▶ [Assignment]: Give the lines again exactly as they appear below, from the line with "Building Photo - 39 Medford St" to the line with "Ahşap zemin üzerine", both included, and only those lines. Leave every picture out.

▶ [Excerpted data]:

====

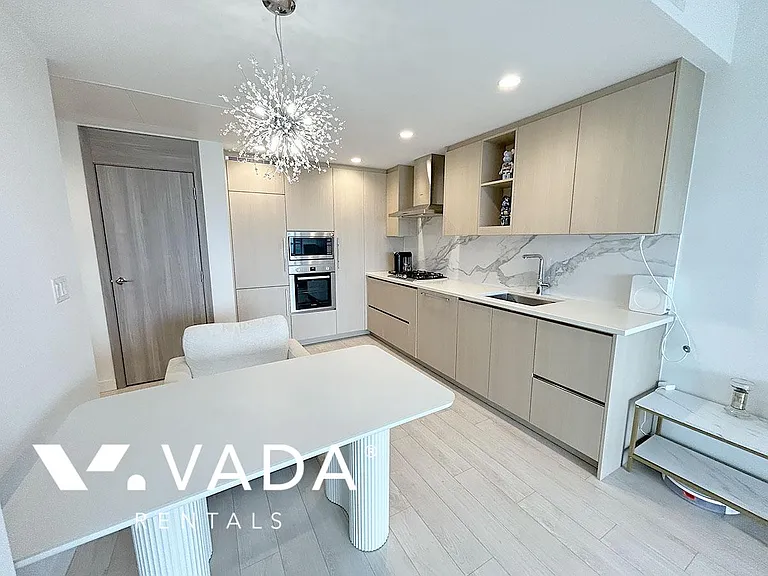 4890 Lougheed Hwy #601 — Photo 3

====

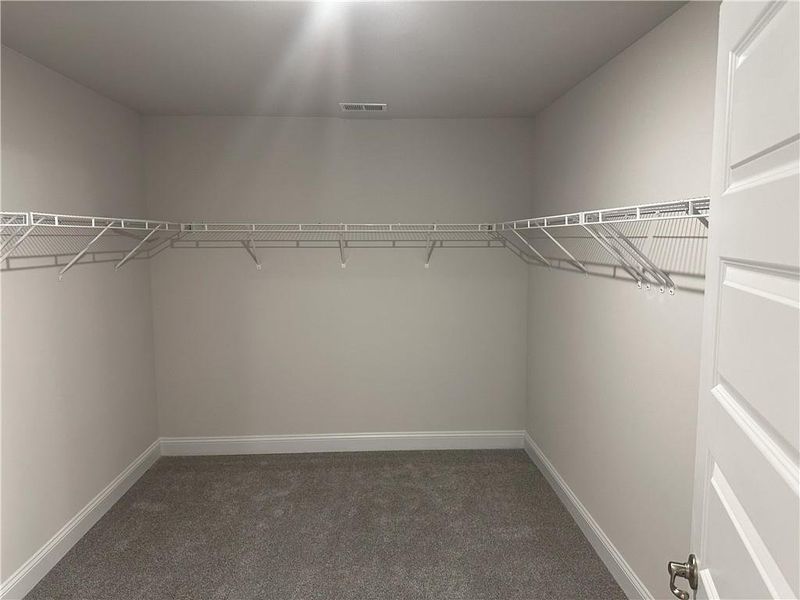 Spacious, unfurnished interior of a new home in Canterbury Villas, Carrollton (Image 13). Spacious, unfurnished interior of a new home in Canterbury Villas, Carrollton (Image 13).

====

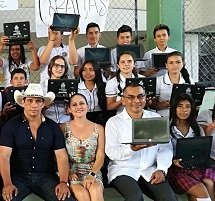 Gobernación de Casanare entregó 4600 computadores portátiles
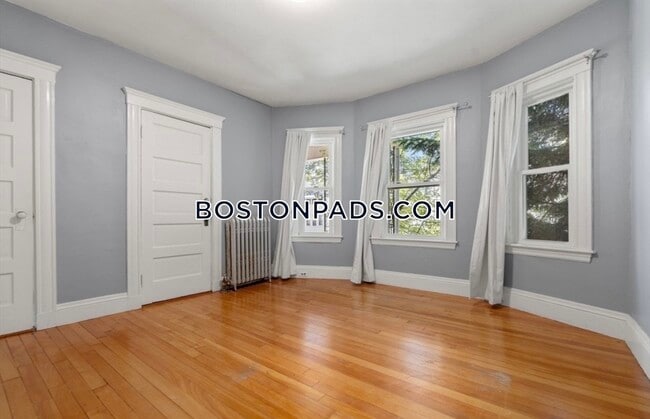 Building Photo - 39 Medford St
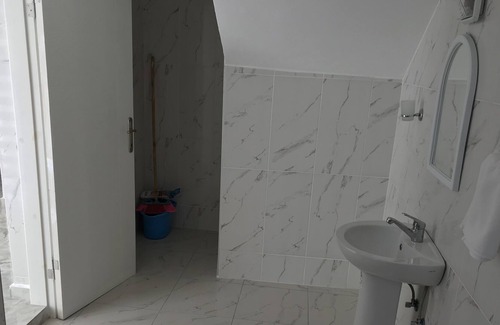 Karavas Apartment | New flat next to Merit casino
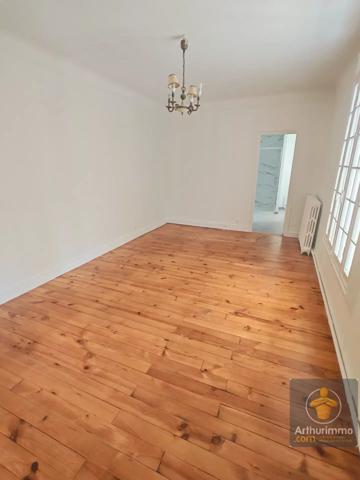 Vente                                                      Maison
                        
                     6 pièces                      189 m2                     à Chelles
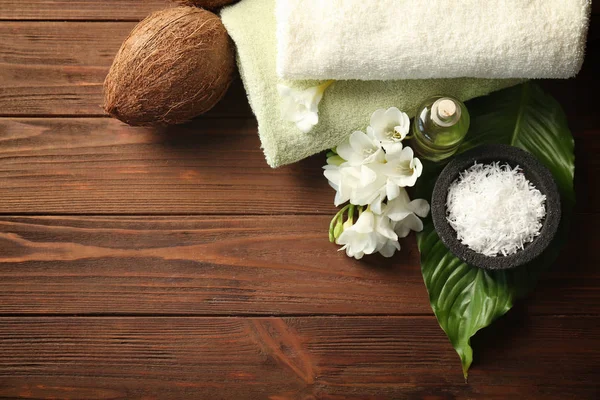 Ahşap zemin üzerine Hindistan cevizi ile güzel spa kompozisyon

====

▶ [Solution for this problem]:
 Building Photo - 39 Medford St
 Karavas Apartment | New flat next to Merit casino
 Vente                                                      Maison
                        
                     6 pièces                      189 m2                     à Chelles
 Ahşap zemin üzerine Hindistan cevizi ile güzel spa kompozisyon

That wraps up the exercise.